● **WHAT YOU SHOULD DO**
Please give back exactly the line with "Malandra - Jewelry" and each line after it through the end of the material, leaving out the pictures.

● **AVAILABLE RECORDS**
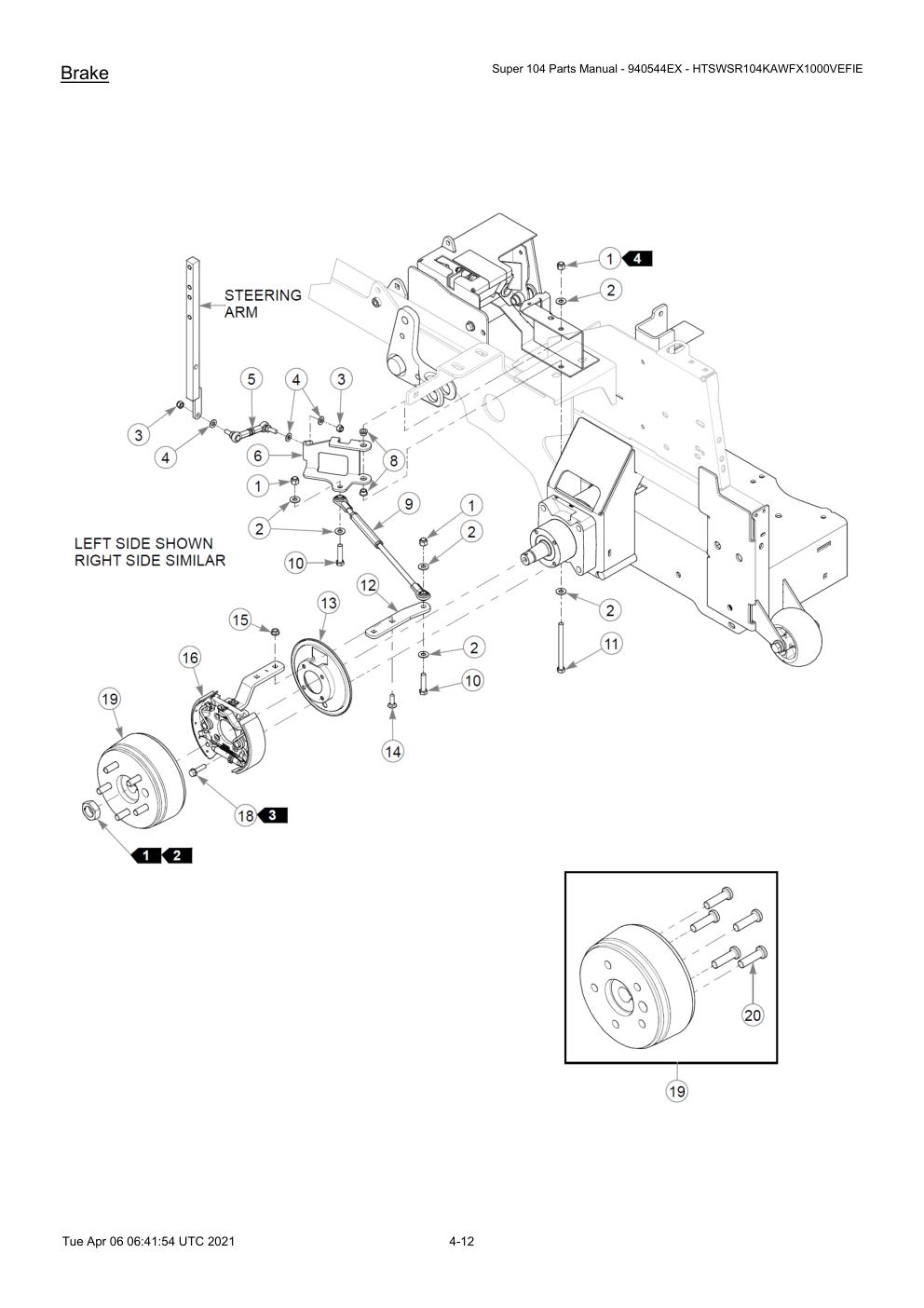 Super 104 Parts Manual - 940544EX - HTSWSR104KAWFX1000VEFIE - Brake diagram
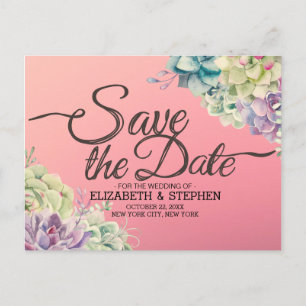 Carte Postale Faire-part Mariage Enregistrer La Date Aquarelle Plantes Succ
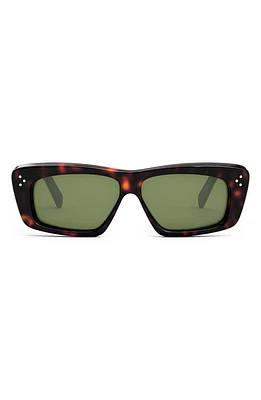 CELINE Bold 3 Dots 57mm Rectangular Sunglasses in Dark Havana /Green at Nordstrom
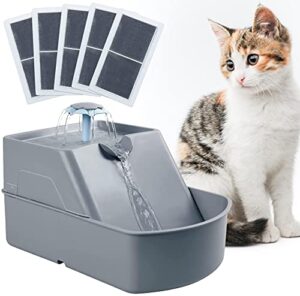 cat water fountain, 90oz/2.6l automatic drinking water dispenser with 5 washable replacement filters, ultra quiet pump for kitty, cat, small dog, anti spill running water bowl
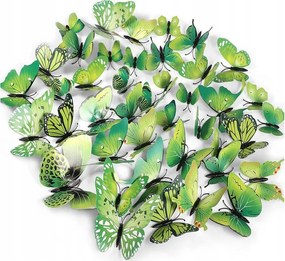 3D pillangók zöld fali dekoráció, mágneses matricák 72 db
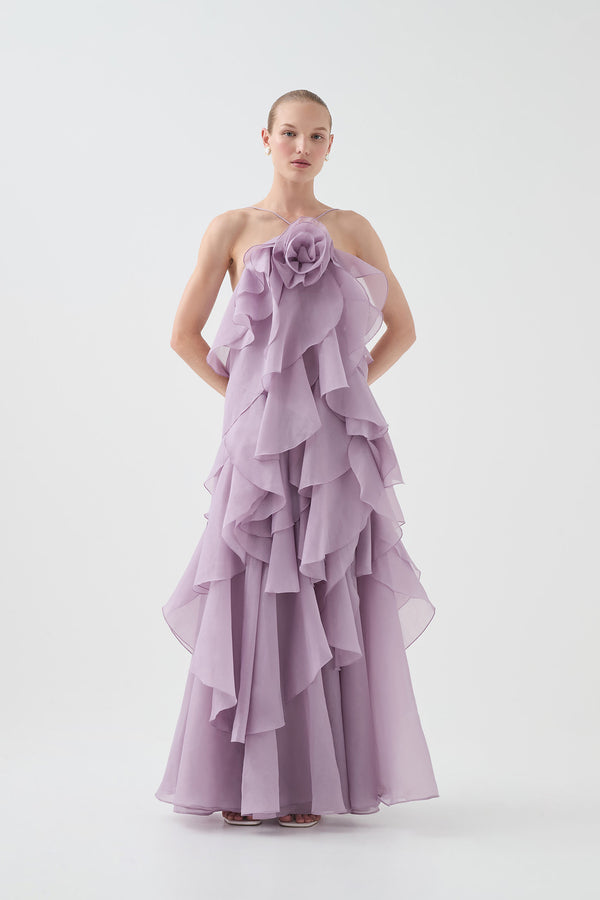 Aje Pandorea Layered Maxi Dress Lilac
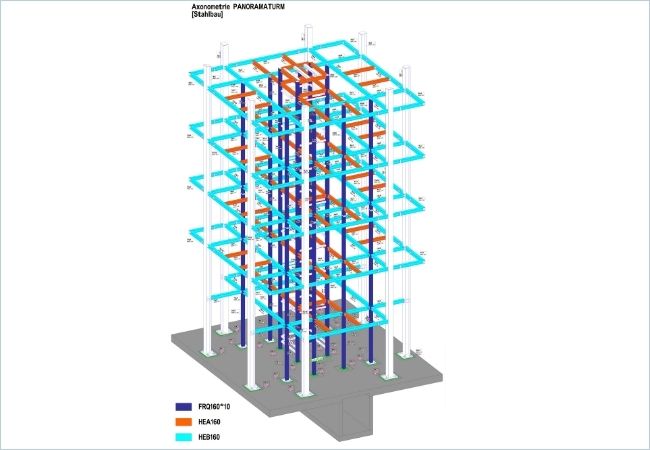 Leistungen 6 referenzen lipp stahlbau werksinterne planung axanometrie panoramaturm stahlbau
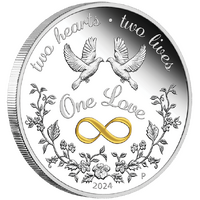 2024 One Love 1oz Silver Proof Perth Mint Presentation Case & COA image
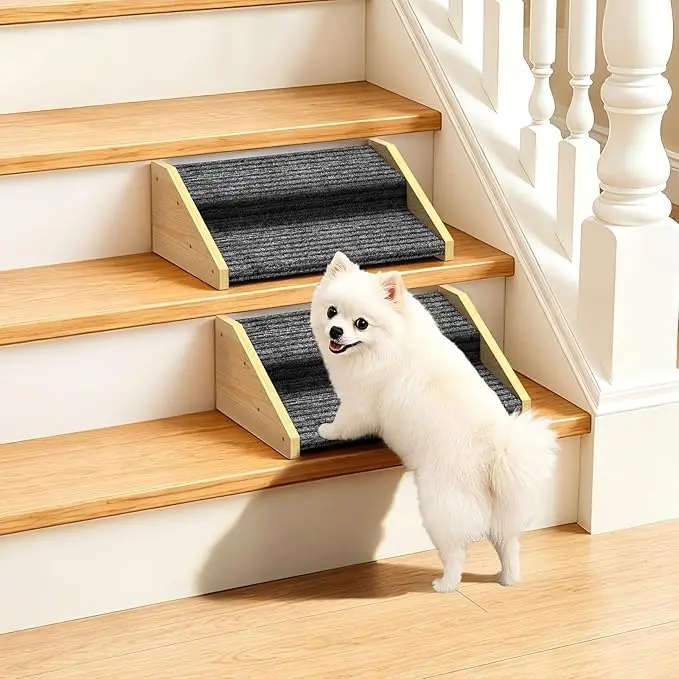 2-Step Wooden Dog Ramp with Non-Slip Carpet - Safe Climb Mobility Aid, Gentle Slope Indoor Accessory for Small Senior/Injured Short-Legged Dogs & Cats, Pet Training & Behavior Tool
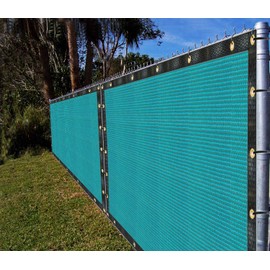 Ifenceview 6'x3' to 6'x50' Turquoise Green Shade Cloth Fence Privacy Screen Fence Cover Mesh Net for Construction Site Yard Driveway Garden Pergolas Gazebos Canopy Awning UV Protection (6' x 41')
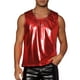 thumbnail image 1 of Camiseta sin mangas metálica Inspire Chic para hombre, cuello redondo, brillante, fiesta disco, talla XL, roja, 1 of 6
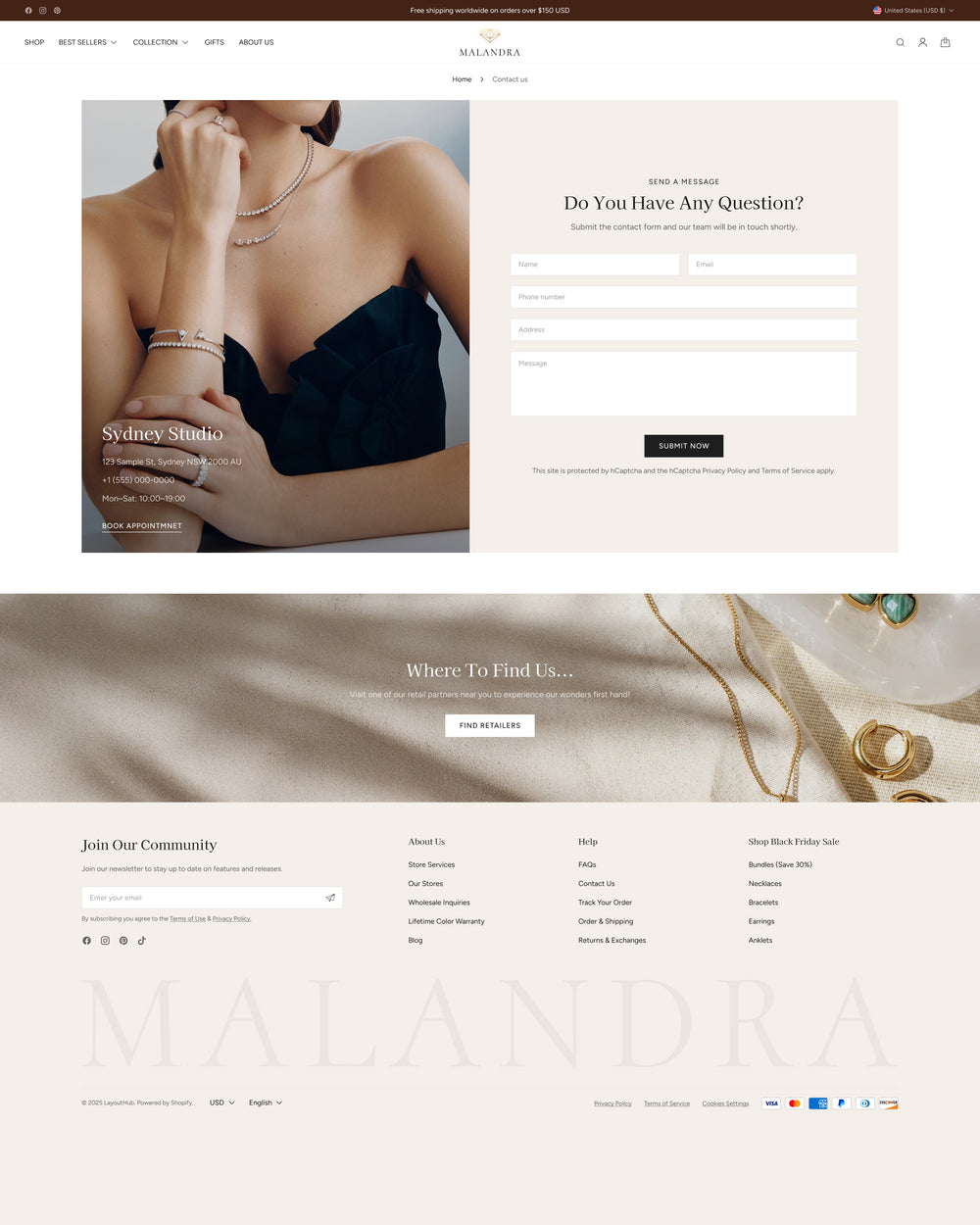 Malandra - Jewelry & Accessories Contact Page Template for Shopify | Ecombe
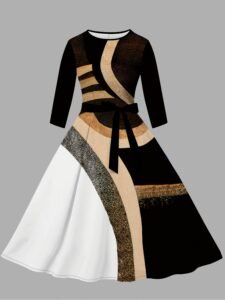 Women's Elegant Black & Golden Dress - Formal Party, flared skirt, Machine Washable - for Gala, Wedding, Evening Events - Women's Evening Gown, Gala Attire, Round Neckline, Stylish Print, Trendy Outfit, Fashion Lovers, Highquality Material, Fashionista Outfit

● **RESPONSE TO THE EXERCISE**
 Malandra - Jewelry & Accessories Contact Page Template for Shopify | Ecombe
 Women's Elegant Black & Golden Dress - Formal Party, flared skirt, Machine Washable - for Gala, Wedding, Evening Events - Women's Evening Gown, Gala Attire, Round Neckline, Stylish Print, Trendy Outfit, Fashion Lovers, Highquality Material, Fashionista Outfit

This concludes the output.